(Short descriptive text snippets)
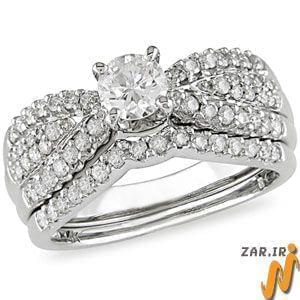 حلقه زنانه طلا سفید با نگین الماس : مدل RwDF1053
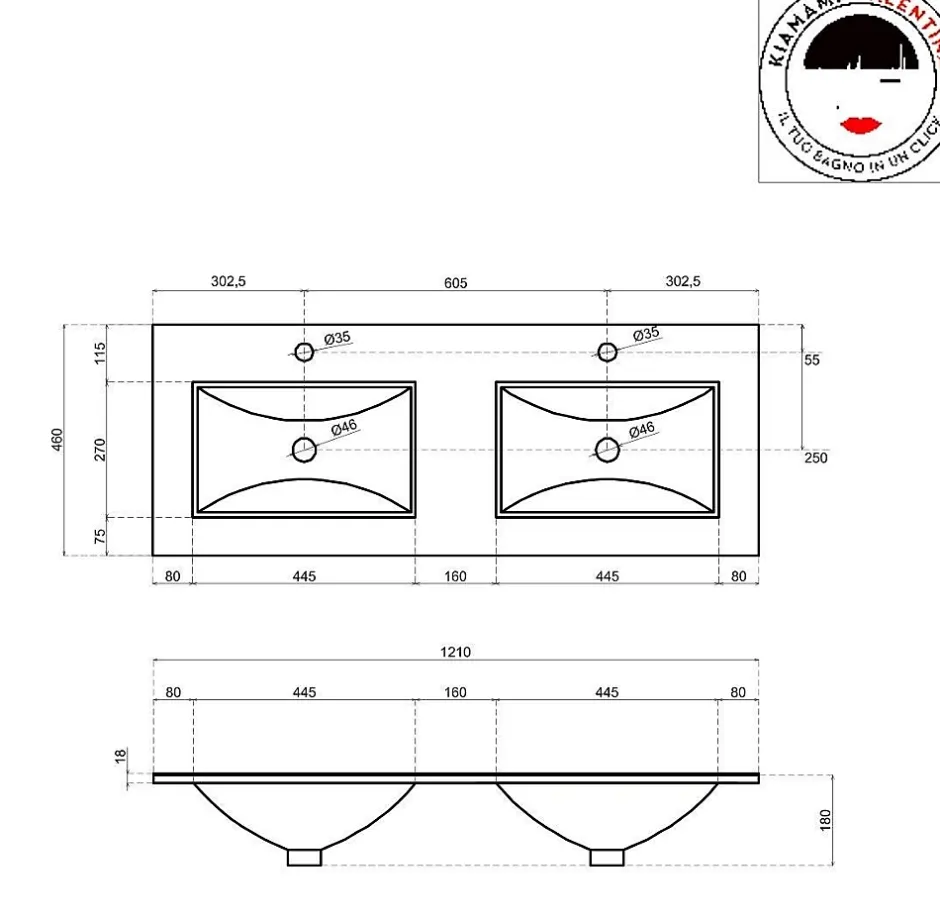 Kiamami Valentina Meuble De Salle De Bain 120Cm Lion Elm Avec Double Vasque Et Miroir 120X60 Berlin* Ensemble Meuble De Salle De Bains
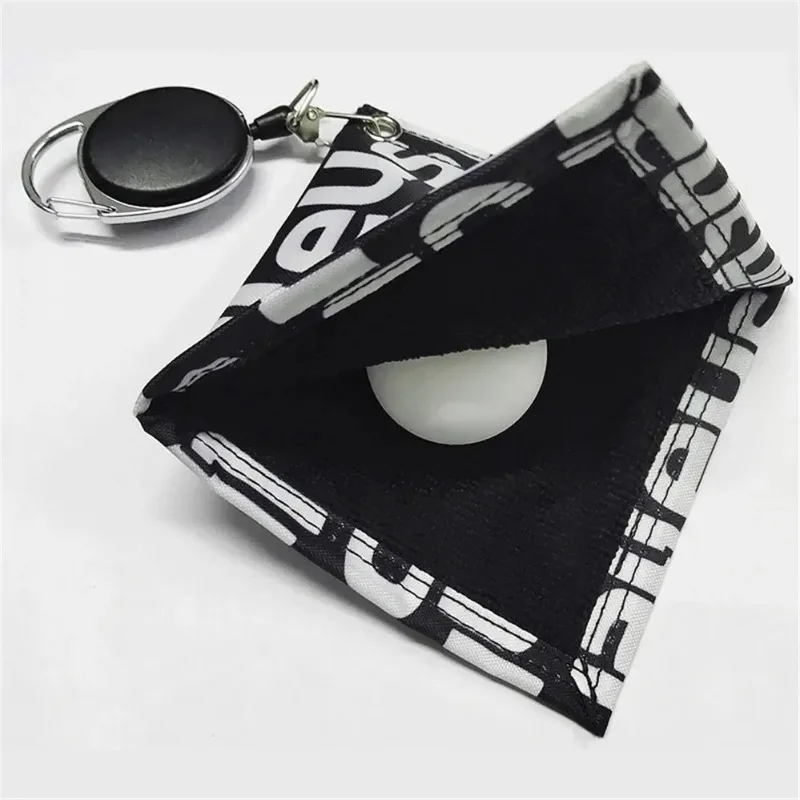Toalla de Golf, limpiador de cabeza de palo de pelota de Golf, toalla de limpieza de pelota de Golf cuadrada Mini con hebilla de llavero retráctil, PU, resistente al agua, nuevo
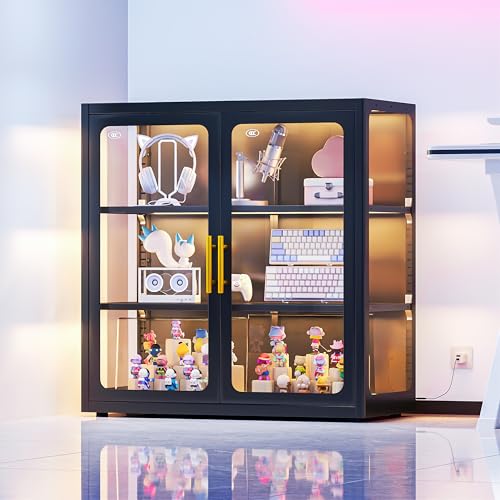 34" Display Cabinet with Glass Doors, 4-Tier Curio Cabinet with Many Color Lights for Collectibles, Glass Display Case, Bookcase with 4 Shelves, Storage Cabinets, Black - color: Black, size: 34''H+Led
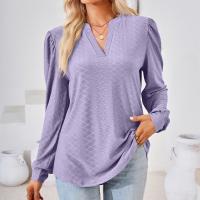 Mercerized Cotton & Rayon Women Long Sleeve T-shirt & loose Spandex & Polyester jacquard PC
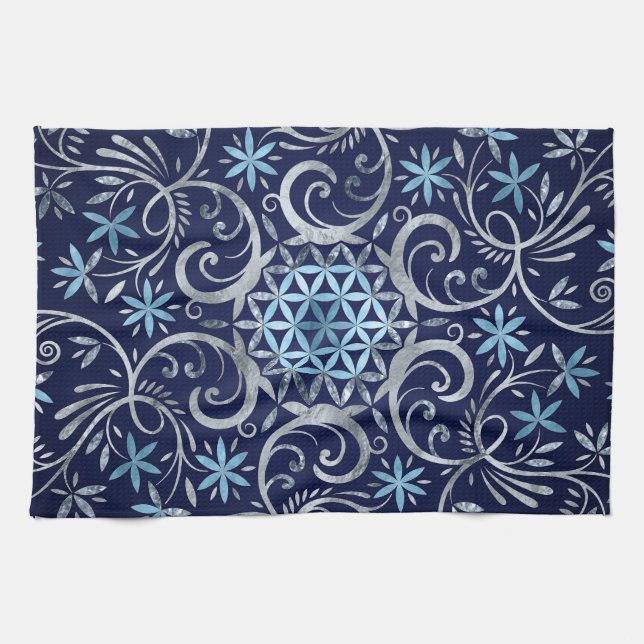 Paño De Cocina Flor de vida Mandala - Azul plateado (Horizontal)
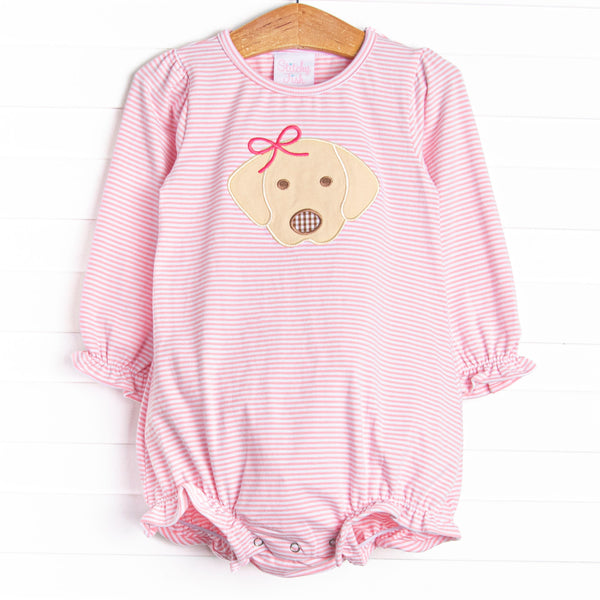  This bubble features pink stripes, ruffle trim and the cutest puppy applique.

**INSTRUCTIONS TO FOLLOW:** Copy out nothing but the lines from the beginning of the records through the one that contains "Black, size: 34''H+Led". Skip the pictures.

**SOLVED PROBLEM:**
 حلقه زنانه طلا سفید با نگین الماس : مدل RwDF1053
 Kiamami Valentina Meuble De Salle De Bain 120Cm Lion Elm Avec Double Vasque Et Miroir 120X60 Berlin* Ensemble Meuble De Salle De Bains
Toalla de Golf, limpiador de cabeza de palo de pelota de Golf, toalla de limpieza de pelota de Golf cuadrada Mini con hebilla de llavero retráctil, PU, resistente al agua, nuevo
 34" Display Cabinet with Glass Doors, 4-Tier Curio Cabinet with Many Color Lights for Collectibles, Glass Display Case, Bookcase with 4 Shelves, Storage Cabinets, Black - color: Black, size: 34''H+Led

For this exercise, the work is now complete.